‘Saturday Morning, St. Mary’s Gate, Manchester’
Signed
Oil on Canvas 14” x 10”
William Webb
British 1862-1903
William Webb was born in Manchester in 1862 and was almost entirely a marine artist, a painter in oils of coastal scenes. He was a prolific painter, influenced, like so many aspiring artists of the era, by the great master J M W Turner. Although his work cannot be compared in the same breath with the genius of Turner, Webb developed a style so totally distinctive that he could not be likened to a mere copyist. Many of his pictures show scenes in the Isle of Man, but he also travelled quite widely afield in the British Isles, including Fleetwood in his home county of Lancashire, Guernsey, Whitby, Falmouth, Cornwall, Norfolk, Northumberland and Cardiff.
William Webb sought to break away from the formalised tradition of the 19th century painting, producing atmospheric scenes, by adopting a rather loose technique with soft warm colours and the skilful use of light and shade. A style that was a little ‘avant-garde’ and William Webb struggled during his short life to get the recognition he so rightly deserved.
Saturday Morning, St. Mary’s Gate, Manchester is a unique and superb work by William Webb. One of the few paintings by William Webb, not painted of the sea or coast, but a bustling town scene in his beloved home town of Manchester. He would walk every day from his studio in the town, past the antique shop of his great friend, William Marton in Princess Street to his house in Chorlton-on Medlock. William Webb has painted the street packed with Saturday shoppers and their elegant carriages, stretching far into the distance. There is sheer heart and humanity glowing through this picture, so one feels that he truly enjoyed the execution of this painting. It is a great pity that William Webb that he did not paint more of these scenes, as Saturday Morning shows his distinctive style at its’ very best.

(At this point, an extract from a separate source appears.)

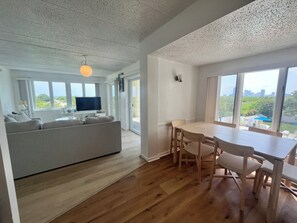Un saló modern amb un sofà, una taula de dinar amb caires, un televisió de pantalla plana i una finestra gran que ofereix vistes a la vegetació i edificis.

Although William Webb exhibited numerous paintings in his native Manchester, and also at the Royal Academy in London, it was a source of great frustration that he did not enjoy the commercial success, he so rightly deserved – an all too familiar story in the history of art. This combined with health troubles and an unhappy domestic life contributed to periods of depression and sadly, during one of these dark times, and as a final act of total despair, William Webb died by his own hand, in his studio in Manchester in 1903.
Poignantly, an admirer of his art asked at the time ’Will fame which was coming tardily and warily, as fame ever comes, hasten now that the genius who courted it, is dead’. A prediction proved correct, as his paintings are now appreciated and collected with enthusiasm both at home and abroad. A special exhibition of his paintings was held in 1974 at The Old Customs House and Old Solent House in Lymington, celebrating the work of this highly gifted and previously under rated artist.